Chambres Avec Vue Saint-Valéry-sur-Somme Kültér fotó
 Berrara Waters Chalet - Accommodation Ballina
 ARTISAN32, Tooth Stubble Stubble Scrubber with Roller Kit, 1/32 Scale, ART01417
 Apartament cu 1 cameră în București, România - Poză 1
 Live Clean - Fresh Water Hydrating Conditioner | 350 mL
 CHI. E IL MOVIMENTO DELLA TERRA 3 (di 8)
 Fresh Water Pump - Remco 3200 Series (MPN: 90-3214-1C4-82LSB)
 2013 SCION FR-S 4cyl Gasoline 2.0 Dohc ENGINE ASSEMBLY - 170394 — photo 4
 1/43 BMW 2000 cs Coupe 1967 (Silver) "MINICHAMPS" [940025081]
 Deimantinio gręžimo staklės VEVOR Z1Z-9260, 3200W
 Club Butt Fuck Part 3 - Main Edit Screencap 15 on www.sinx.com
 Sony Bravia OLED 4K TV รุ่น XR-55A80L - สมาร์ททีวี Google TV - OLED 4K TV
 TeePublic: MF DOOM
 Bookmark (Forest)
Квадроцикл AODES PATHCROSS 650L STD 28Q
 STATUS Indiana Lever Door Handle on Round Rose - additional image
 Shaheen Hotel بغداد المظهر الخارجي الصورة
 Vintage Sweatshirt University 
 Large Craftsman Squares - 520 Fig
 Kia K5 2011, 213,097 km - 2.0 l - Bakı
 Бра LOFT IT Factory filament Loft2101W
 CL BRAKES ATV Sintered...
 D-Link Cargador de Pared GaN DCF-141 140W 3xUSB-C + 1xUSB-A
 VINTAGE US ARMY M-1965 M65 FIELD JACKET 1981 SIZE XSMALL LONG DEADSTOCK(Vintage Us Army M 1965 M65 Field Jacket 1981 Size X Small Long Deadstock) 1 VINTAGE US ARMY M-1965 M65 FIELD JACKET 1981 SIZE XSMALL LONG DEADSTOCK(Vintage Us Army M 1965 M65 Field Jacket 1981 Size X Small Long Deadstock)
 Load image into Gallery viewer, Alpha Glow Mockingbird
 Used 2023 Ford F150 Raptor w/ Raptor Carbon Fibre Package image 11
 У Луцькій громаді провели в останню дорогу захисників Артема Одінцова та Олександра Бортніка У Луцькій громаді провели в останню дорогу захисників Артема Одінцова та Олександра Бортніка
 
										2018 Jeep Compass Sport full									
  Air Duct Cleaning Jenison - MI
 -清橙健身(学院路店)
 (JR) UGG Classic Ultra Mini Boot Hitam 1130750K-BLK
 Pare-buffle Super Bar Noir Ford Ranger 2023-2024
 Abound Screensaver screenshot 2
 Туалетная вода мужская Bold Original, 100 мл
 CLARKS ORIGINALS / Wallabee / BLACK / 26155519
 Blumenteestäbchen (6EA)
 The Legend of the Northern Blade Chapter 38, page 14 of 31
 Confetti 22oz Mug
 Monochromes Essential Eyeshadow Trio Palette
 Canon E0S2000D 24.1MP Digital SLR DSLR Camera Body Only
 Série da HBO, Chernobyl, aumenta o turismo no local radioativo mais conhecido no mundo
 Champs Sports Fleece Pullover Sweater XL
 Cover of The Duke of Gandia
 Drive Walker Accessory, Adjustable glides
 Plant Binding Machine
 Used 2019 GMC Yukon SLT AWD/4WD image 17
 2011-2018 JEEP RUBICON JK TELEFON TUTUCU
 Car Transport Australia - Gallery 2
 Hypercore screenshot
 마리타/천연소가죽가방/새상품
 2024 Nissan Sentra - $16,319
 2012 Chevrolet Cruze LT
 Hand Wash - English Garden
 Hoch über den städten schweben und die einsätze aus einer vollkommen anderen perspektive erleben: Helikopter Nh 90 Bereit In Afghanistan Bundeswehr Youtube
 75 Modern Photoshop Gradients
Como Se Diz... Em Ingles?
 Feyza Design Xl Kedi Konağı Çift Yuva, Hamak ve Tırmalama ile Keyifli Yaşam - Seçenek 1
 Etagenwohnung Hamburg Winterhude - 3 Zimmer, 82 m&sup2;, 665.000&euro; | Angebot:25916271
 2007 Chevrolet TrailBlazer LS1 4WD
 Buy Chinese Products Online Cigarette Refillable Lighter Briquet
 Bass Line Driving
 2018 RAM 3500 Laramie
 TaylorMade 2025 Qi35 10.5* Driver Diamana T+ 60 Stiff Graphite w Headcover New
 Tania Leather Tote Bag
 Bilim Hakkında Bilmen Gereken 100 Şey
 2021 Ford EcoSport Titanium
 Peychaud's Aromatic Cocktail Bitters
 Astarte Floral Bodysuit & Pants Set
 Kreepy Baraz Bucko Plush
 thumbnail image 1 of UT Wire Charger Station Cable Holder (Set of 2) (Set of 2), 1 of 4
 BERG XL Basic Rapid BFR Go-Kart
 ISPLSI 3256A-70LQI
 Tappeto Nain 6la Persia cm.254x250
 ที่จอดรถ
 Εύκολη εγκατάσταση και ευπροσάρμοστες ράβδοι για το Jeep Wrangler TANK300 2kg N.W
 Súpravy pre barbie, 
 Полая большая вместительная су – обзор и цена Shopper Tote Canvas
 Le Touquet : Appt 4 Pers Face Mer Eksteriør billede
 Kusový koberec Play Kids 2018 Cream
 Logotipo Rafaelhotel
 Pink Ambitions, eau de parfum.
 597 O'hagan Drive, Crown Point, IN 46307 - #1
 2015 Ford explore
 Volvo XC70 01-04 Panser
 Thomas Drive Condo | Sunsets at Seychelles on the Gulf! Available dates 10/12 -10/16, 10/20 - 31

Problem requirements - The data above should be copied exactly, with no line omitted.

Answer to the problem -
Chambres Avec Vue Saint-Valéry-sur-Somme Kültér fotó
 Berrara Waters Chalet - Accommodation Ballina
 ARTISAN32, Tooth Stubble Stubble Scrubber with Roller Kit, 1/32 Scale, ART01417
 Apartament cu 1 cameră în București, România - Poză 1
 Live Clean - Fresh Water Hydrating Conditioner | 350 mL
 CHI. E IL MOVIMENTO DELLA TERRA 3 (di 8)
 Fresh Water Pump - Remco 3200 Series (MPN: 90-3214-1C4-82LSB)
 2013 SCION FR-S 4cyl Gasoline 2.0 Dohc ENGINE ASSEMBLY - 170394 — photo 4
 1/43 BMW 2000 cs Coupe 1967 (Silver) "MINICHAMPS" [940025081]
 Deimantinio gręžimo staklės VEVOR Z1Z-9260, 3200W
 Club Butt Fuck Part 3 - Main Edit Screencap 15 on www.sinx.com
 Sony Bravia OLED 4K TV รุ่น XR-55A80L - สมาร์ททีวี Google TV - OLED 4K TV
 TeePublic: MF DOOM
 Bookmark (Forest)
Квадроцикл AODES PATHCROSS 650L STD 28Q
 STATUS Indiana Lever Door Handle on Round Rose - additional image
 Shaheen Hotel بغداد المظهر الخارجي الصورة
 Vintage Sweatshirt University 
 Large Craftsman Squares - 520 Fig
 Kia K5 2011, 213,097 km - 2.0 l - Bakı
 Бра LOFT IT Factory filament Loft2101W
 CL BRAKES ATV Sintered...
 D-Link Cargador de Pared GaN DCF-141 140W 3xUSB-C + 1xUSB-A
 VINTAGE US ARMY M-1965 M65 FIELD JACKET 1981 SIZE XSMALL LONG DEADSTOCK(Vintage Us Army M 1965 M65 Field Jacket 1981 Size X Small Long Deadstock) 1 VINTAGE US ARMY M-1965 M65 FIELD JACKET 1981 SIZE XSMALL LONG DEADSTOCK(Vintage Us Army M 1965 M65 Field Jacket 1981 Size X Small Long Deadstock)
 Load image into Gallery viewer, Alpha Glow Mockingbird
 Used 2023 Ford F150 Raptor w/ Raptor Carbon Fibre Package image 11
 У Луцькій громаді провели в останню дорогу захисників Артема Одінцова та Олександра Бортніка У Луцькій громаді провели в останню дорогу захисників Артема Одінцова та Олександра Бортніка
 
										2018 Jeep Compass Sport full									
  Air Duct Cleaning Jenison - MI
 -清橙健身(学院路店)
 (JR) UGG Classic Ultra Mini Boot Hitam 1130750K-BLK
 Pare-buffle Super Bar Noir Ford Ranger 2023-2024
 Abound Screensaver screenshot 2
 Туалетная вода мужская Bold Original, 100 мл
 CLARKS ORIGINALS / Wallabee / BLACK / 26155519
 Blumenteestäbchen (6EA)
 The Legend of the Northern Blade Chapter 38, page 14 of 31
 Confetti 22oz Mug
 Monochromes Essential Eyeshadow Trio Palette
 Canon E0S2000D 24.1MP Digital SLR DSLR Camera Body Only
 Série da HBO, Chernobyl, aumenta o turismo no local radioativo mais conhecido no mundo
 Champs Sports Fleece Pullover Sweater XL
 Cover of The Duke of Gandia
 Drive Walker Accessory, Adjustable glides
 Plant Binding Machine
 Used 2019 GMC Yukon SLT AWD/4WD image 17
 2011-2018 JEEP RUBICON JK TELEFON TUTUCU
 Car Transport Australia - Gallery 2
 Hypercore screenshot
 마리타/천연소가죽가방/새상품
 2024 Nissan Sentra - $16,319
 2012 Chevrolet Cruze LT
 Hand Wash - English Garden
 Hoch über den städten schweben und die einsätze aus einer vollkommen anderen perspektive erleben: Helikopter Nh 90 Bereit In Afghanistan Bundeswehr Youtube
 75 Modern Photoshop Gradients
Como Se Diz... Em Ingles?
 Feyza Design Xl Kedi Konağı Çift Yuva, Hamak ve Tırmalama ile Keyifli Yaşam - Seçenek 1
 Etagenwohnung Hamburg Winterhude - 3 Zimmer, 82 m&sup2;, 665.000&euro; | Angebot:25916271
 2007 Chevrolet TrailBlazer LS1 4WD
 Buy Chinese Products Online Cigarette Refillable Lighter Briquet
 Bass Line Driving
 2018 RAM 3500 Laramie
 TaylorMade 2025 Qi35 10.5* Driver Diamana T+ 60 Stiff Graphite w Headcover New
 Tania Leather Tote Bag
 Bilim Hakkında Bilmen Gereken 100 Şey
 2021 Ford EcoSport Titanium
 Peychaud's Aromatic Cocktail Bitters
 Astarte Floral Bodysuit & Pants Set
 Kreepy Baraz Bucko Plush
 thumbnail image 1 of UT Wire Charger Station Cable Holder (Set of 2) (Set of 2), 1 of 4
 BERG XL Basic Rapid BFR Go-Kart
 ISPLSI 3256A-70LQI
 Tappeto Nain 6la Persia cm.254x250
 ที่จอดรถ
 Εύκολη εγκατάσταση και ευπροσάρμοστες ράβδοι για το Jeep Wrangler TANK300 2kg N.W
 Súpravy pre barbie, 
 Полая большая вместительная су – обзор и цена Shopper Tote Canvas
 Le Touquet : Appt 4 Pers Face Mer Eksteriør billede
 Kusový koberec Play Kids 2018 Cream
 Logotipo Rafaelhotel
 Pink Ambitions, eau de parfum.
 597 O'hagan Drive, Crown Point, IN 46307 - #1
 2015 Ford explore
 Volvo XC70 01-04 Panser
 Thomas Drive Condo | Sunsets at Seychelles on the Gulf! Available dates 10/12 -10/16, 10/20 - 31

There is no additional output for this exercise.